Case ID: ad3d_89/html/0508-02.html
Source: Caselaw Access Project
Author: {"author": "", "license": "Public Domain", "url": "https://static.case.law/"}
Date Created: 2024-08-24T03:29:51.129683

Raisa Rozina et al., Appellants, v Casa 74th Development LLC et al., Respondents.
    [932 NYS2d 463]
   The option agreement did not violate the rule against remote vesting (EPTL 9-1.1 [b]). Although a closing date was not specified in either the option agreement or the offering plan, which was incorporated by reference and made part of the option agreement, the closing was to occur with or after the completion of several contingencies, all of which were to occur by January 2010. Nothing in the option agreement or the offering plan demonstrated an intention that the option be held open beyond the 21-year period in EPTL 9-1.1 (b).
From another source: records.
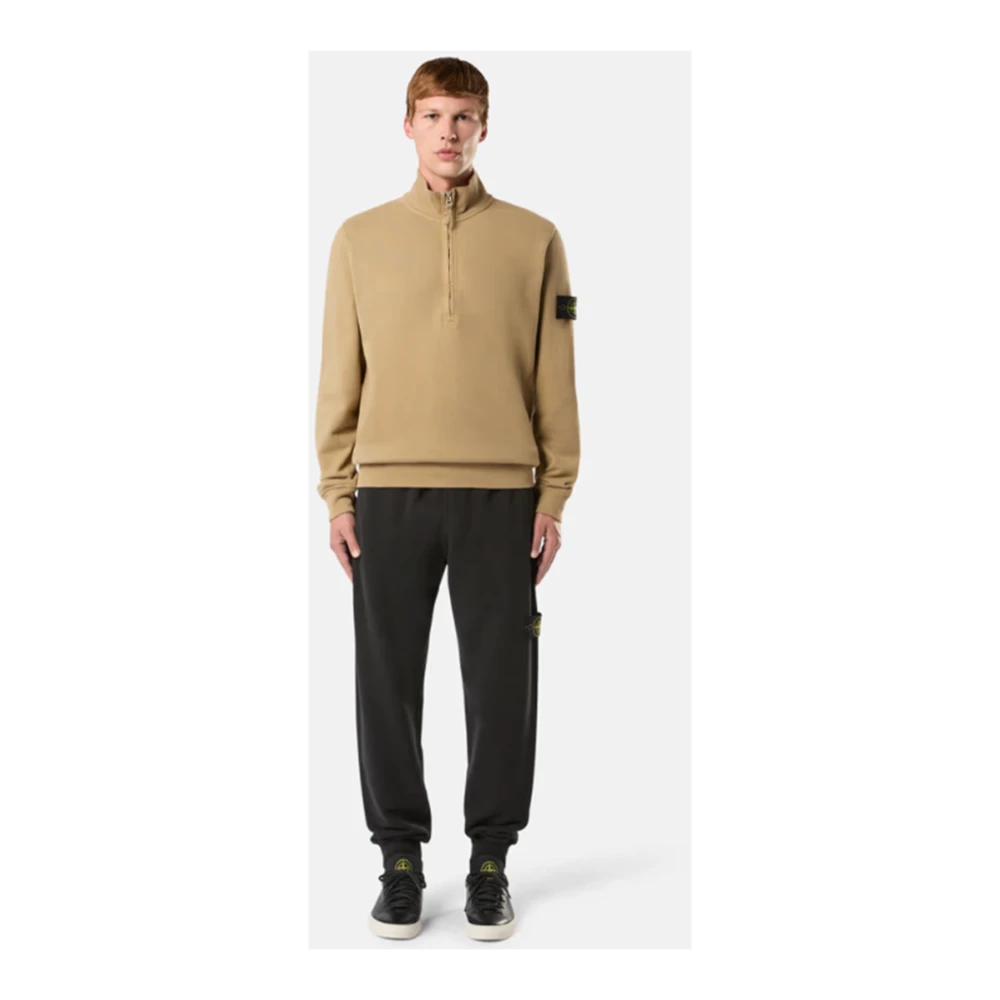 Stone Island Geborsteld katoen fleece joggingbroek Black Heren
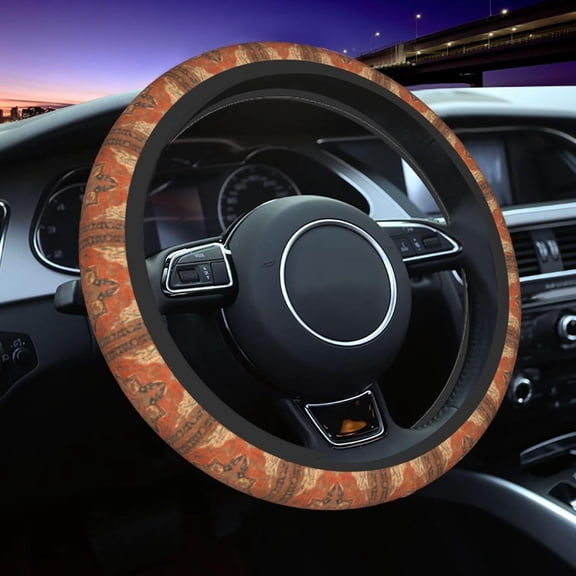 Car Steering Wheel Cover for Women Men, Non-Slip Breathable Steering Wheel, Oriental Persian Turkish Carpet Pattern Steering Wheel Protector, Car Accessories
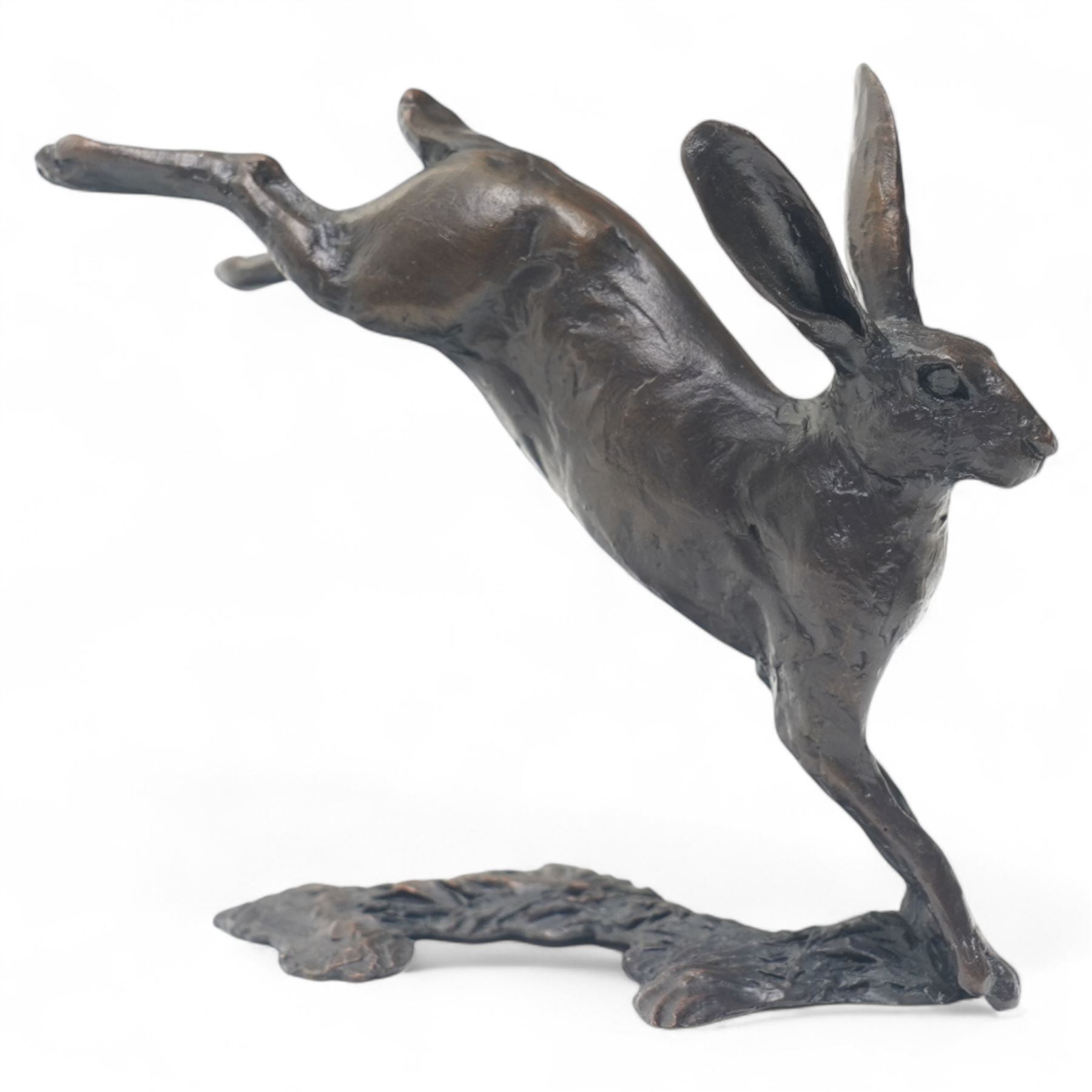 Michael Simpson (British Contemporary): Leaping Hare and Three Hares Dancing, two bronzes, one limited edition signed and numbered 273/350 to base, the other apparently unsigned, larger H7cm (2)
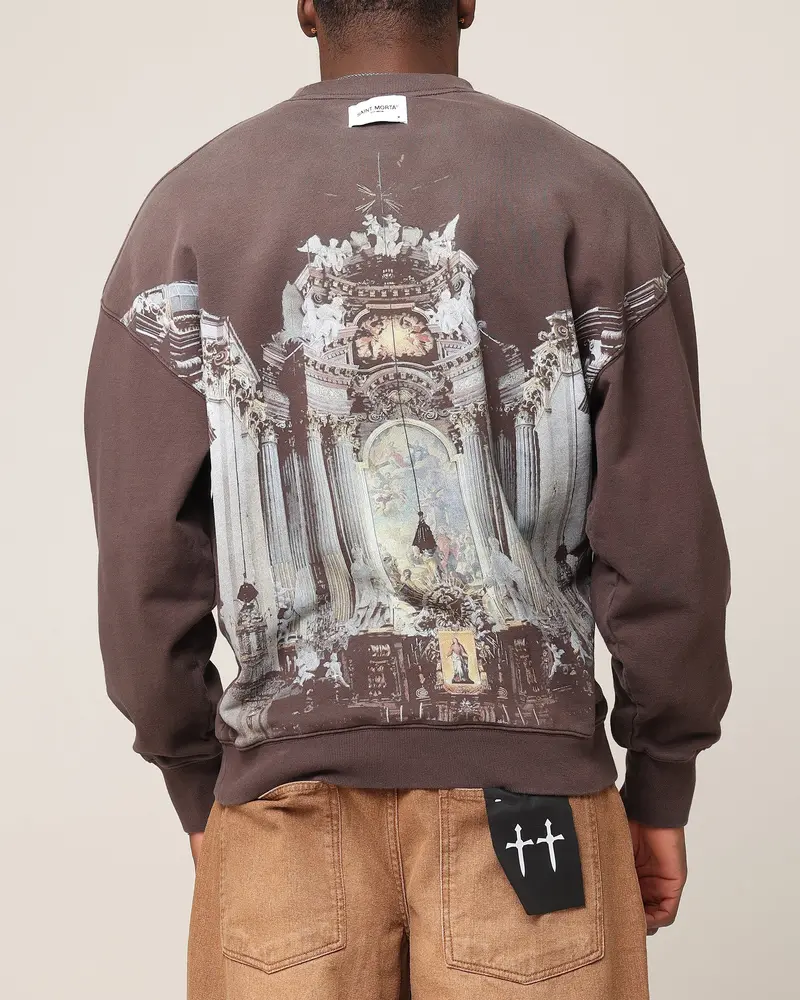 Saint Morta Divine Reverence Boxy Crewneck Brown 1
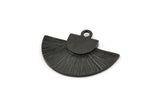 Black Badge Charm, 2 Oxidized Black Brass Rosette Charm Pendants With 1 Loop, Earrings, Findings (25x15mm) N0789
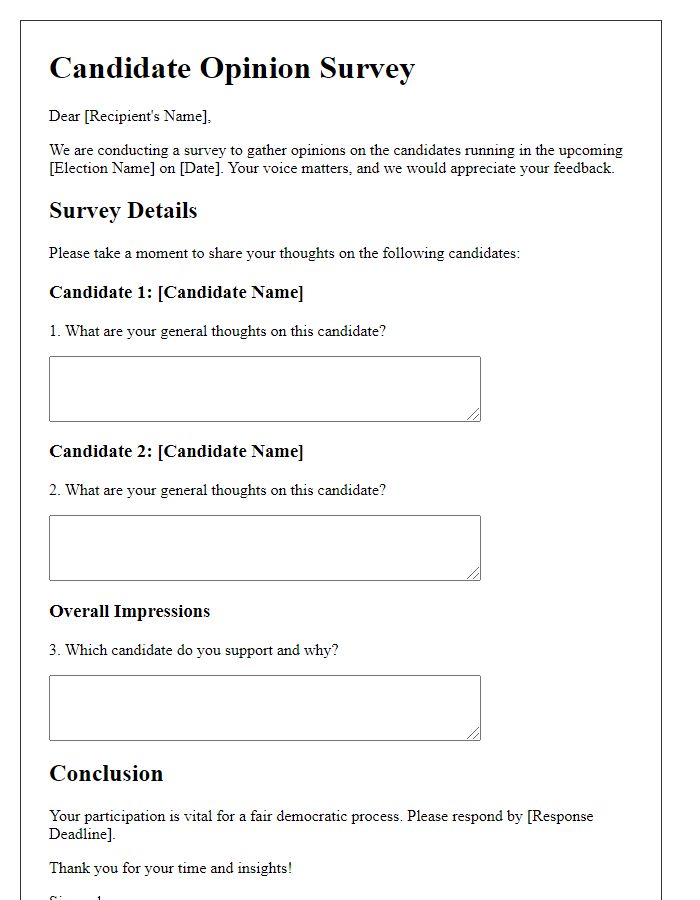 Letter template of candidate opinion survey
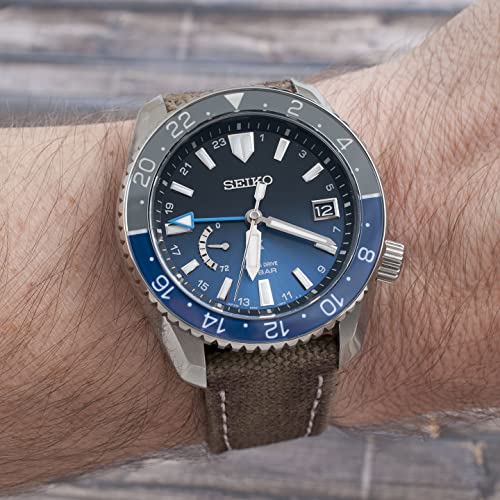 Straphabit Quick Release Distressed Canvas And Leather Watch Strap Band Full Grain 20Mm 22Mm (20Mm, Gray Brown) #TOP3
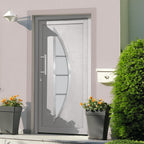 Porta d'Ingresso Bianca 88x200 cm con Vetro Isolante e Sistema di Sicurezza a 5 Punti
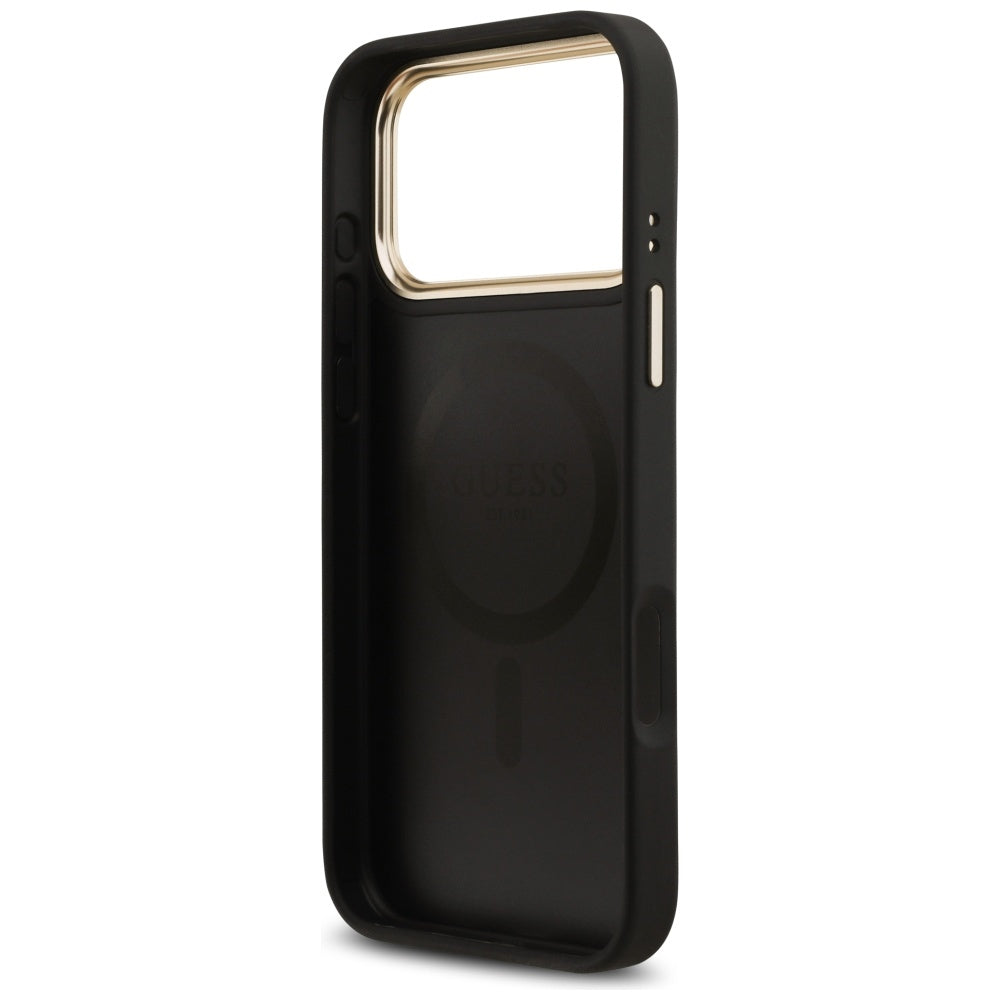 Ovitek MagSafe za Apple iPhone 17 Pro Max, Guess, Grained Strass Logo, Črn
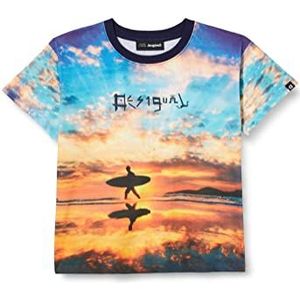 Desigual Ts_Melon T-shirt voor jongens, Blauw, 3-4 jaar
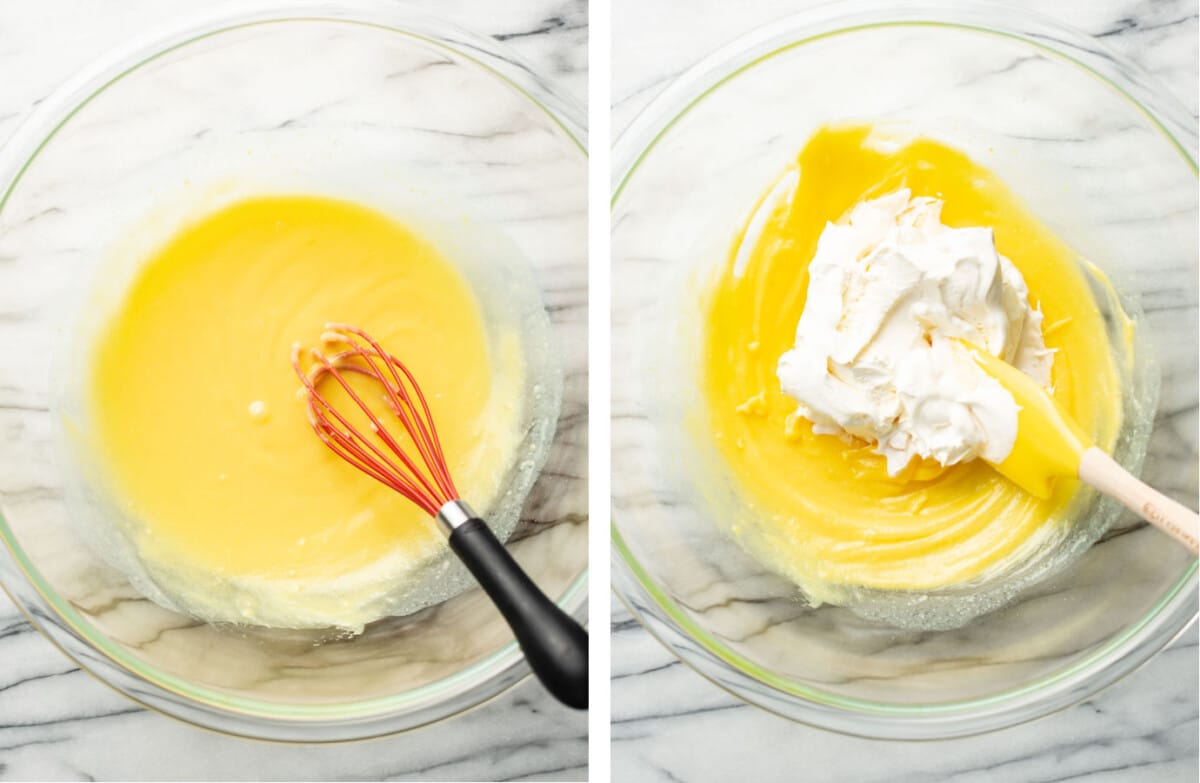 whisking pudding in a prep bowl and adding in cool whip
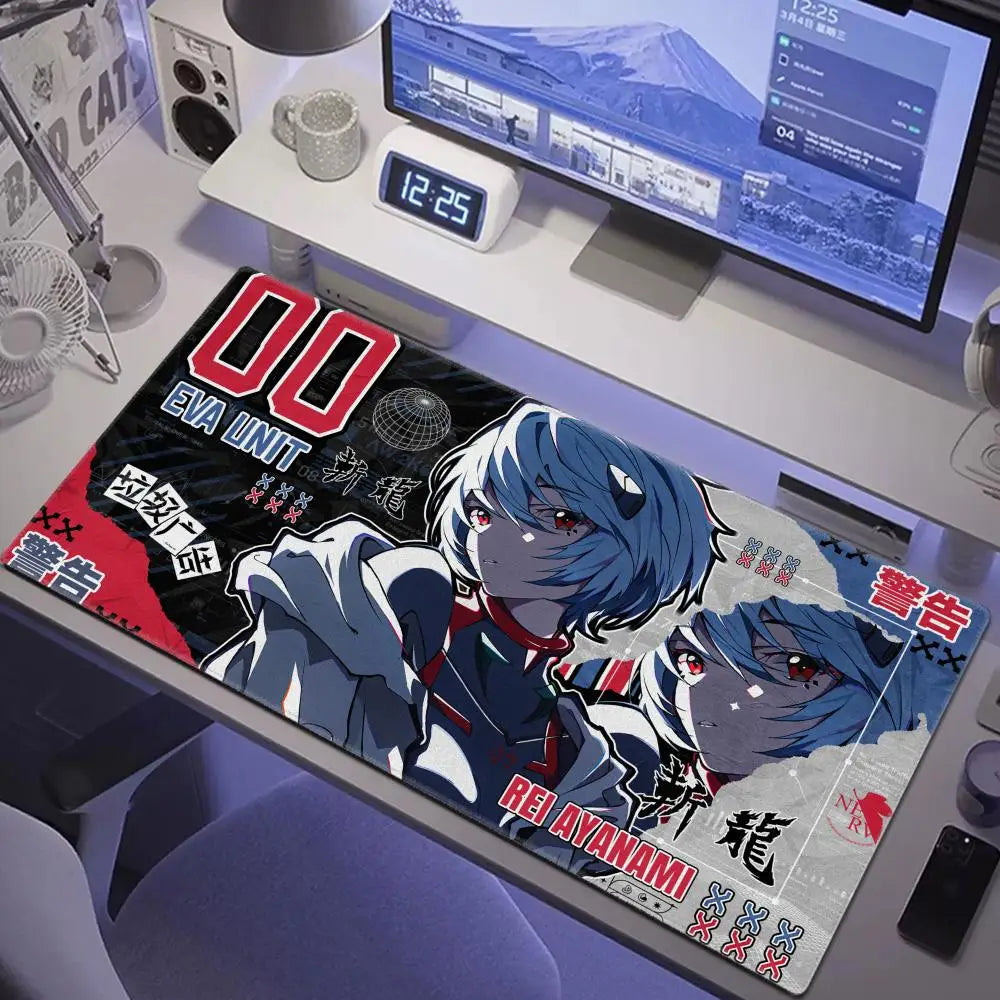 Desk Pad Anime E-Evangelions Playmat Xxl Mouse Pads Game Surface Deskmat Manga Accessories Maudpad Japanese Mat Rubber Mouseped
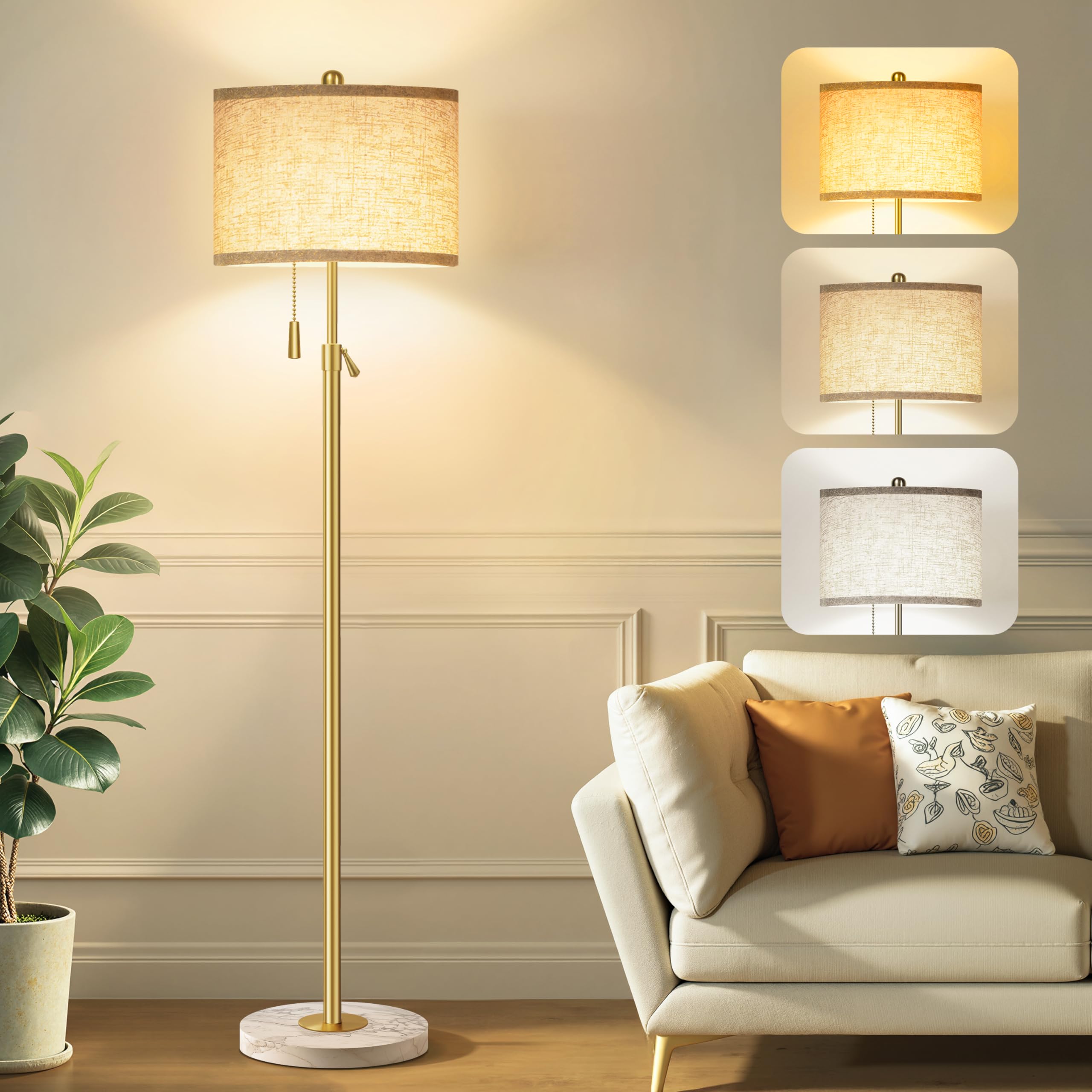 FUNNYBEHOM Modern Gold Floor Lamp for Living Room - Adjustable Height Standing Lamp with Marble Base & Linen Shade  3-Way Dimmable Tall Floor Light for Bedroom  Reading  Bulb Included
It must, therefore, be presumed that the parties intended that the option would be executed within that time (see EPTL 9-1.3; see also Kaiser-Haidri v Battery Place Green, LLC, 85 AD3d 730, 733 [2011]). Accordingly, the court properly granted that branch of defendants’ motion for summary judgment dismissing plaintiffs’ first through fourth causes of action.

Defendants, however, failed to make a prima facie showing of entitlement to judgment as a matter of law with respect to the ninth cause of action, since they never addressed in their moving papers whether there was any deviation in the unit. Accordingly, the motion should have been denied with respect to this claim, regardless of the sufficiency of the opposing papers (see Winegrad v New York Univ. Med. Ctr., 64 NY2d 851, 853 [1985]). Defendants could not cure the defect in their moving papers by submitting their architect’s affidavit with their reply (see Ford v Weishaus, 86 AD3d 421, 422 [2011]). Concur — Saxe, J.P, Sweeny, DeGrasse, Manzanet-Daniels and Román, JJ. [Prior Case History: 29 Misc 3d 675.]